Monthly Archives: November 2013
Language Barrier, Part 1
There’s some words and phrases I just can’t get on board with. One of them is “reaching out.” I hear that a lot now, from different people. “Thanks for reaching out” or “I’ll reach out to them.” It usually means sending an e-mail.
See, the problem is that I’ve seen too many action films where someone is hanging onto the side of a cliff by their fingernails and someone has to “reach out” and save them. A bit dramatic, isn’t it? Indiana Editor and the Temple of Media Requests.
The other word is “wordsmith.” Someone called me that the other day. We better not get carried away, people. It’s not like we are banging out letters made of molten steel on a forge so we can fight the enemy with our Tolkien-inspired prose.
Or are we?
The Mushroom Cloud
As soon as I entered the school system it had become painfully obvious I had nothing in common with my fellow classmates in that wretched slab of lakefront real estate, Port Washington. Due to an eccentric personality at even a young age and overprotective, heavily religious parents, here were my interests as a young man: The Marx Bros., Abbott and Costello, Godzilla, The Muppets, Doctor Who, Robert Louis Stevenson, Batman, classic horror and sci-fi movies,“Weird Al” Yankovic, and The Three Investigators, a series of mystery books for juveniles.

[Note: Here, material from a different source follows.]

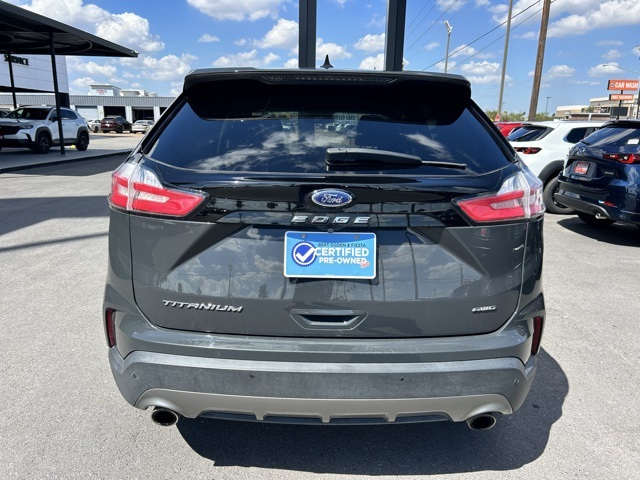 2021 Ford Edge Titanium photo 4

I dressed in a style that might be popular with hipsters today but at the time was just plain nerdy: striped polo shirts, corduroys, t-shirts with the California Raisins on them.
One of the funniest attempts to blend-in was my Freshmen year.
“This is it,” I thought. “I can change. No one will know I’m the same person.”
Over the summer before the school year started, I asked my mom to help me with some money to buy some new clothes. The Chicago Bulls were popular that year, according to my research, so I got some tough looking Chicago Bulls jerseys and a baseball cap. I got a San Jose Sharks t-shirt, which was sort of a compromise because I liked sharks, but not hockey. I got some Nikes, the freshest style. I went to a haircutting chain and found a mugshot of someone who looked like one of the assholes who walked the halls of my high school in their display. I pointed at it.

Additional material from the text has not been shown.